BRIEF – Take nothing but the lines from the one with "Here we build" through the one with "Right, so Python" in the entries below, both ends kept, and return them exactly with pictures left out.

INFORMATION PROVIDED –
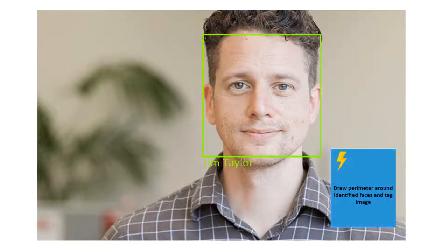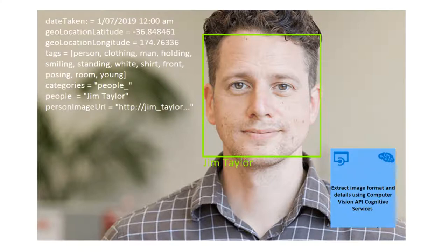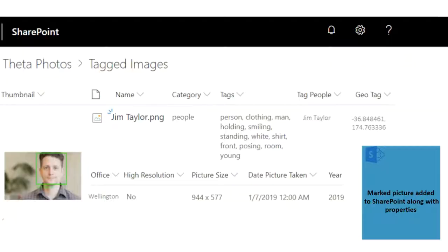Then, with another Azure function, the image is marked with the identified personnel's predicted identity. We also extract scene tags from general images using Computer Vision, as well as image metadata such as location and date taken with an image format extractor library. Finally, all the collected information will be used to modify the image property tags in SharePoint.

---

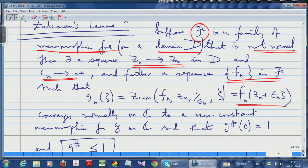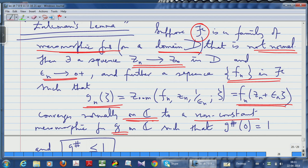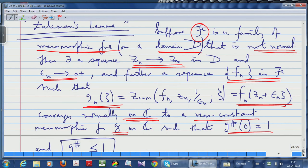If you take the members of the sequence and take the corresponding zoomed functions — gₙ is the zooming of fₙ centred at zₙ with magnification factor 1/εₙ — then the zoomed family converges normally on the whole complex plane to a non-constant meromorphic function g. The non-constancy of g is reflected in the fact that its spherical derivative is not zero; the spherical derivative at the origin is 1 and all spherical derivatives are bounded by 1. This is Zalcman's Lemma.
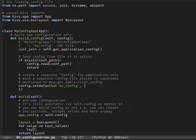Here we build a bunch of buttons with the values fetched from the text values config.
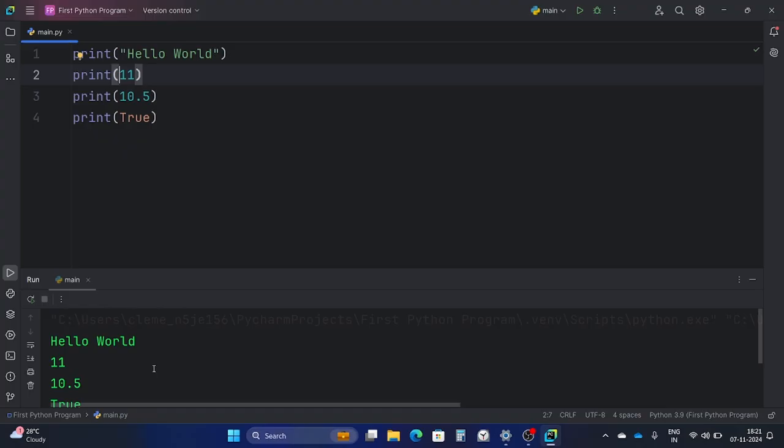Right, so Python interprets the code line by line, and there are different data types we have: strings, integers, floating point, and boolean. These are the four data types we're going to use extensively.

YOUR SOLUTION –
Here we build a bunch of buttons with the values fetched from the text values config.
Right, so Python interprets the code line by line, and there are different data types we have: strings, integers, floating point, and boolean. These are the four data types we're going to use extensively.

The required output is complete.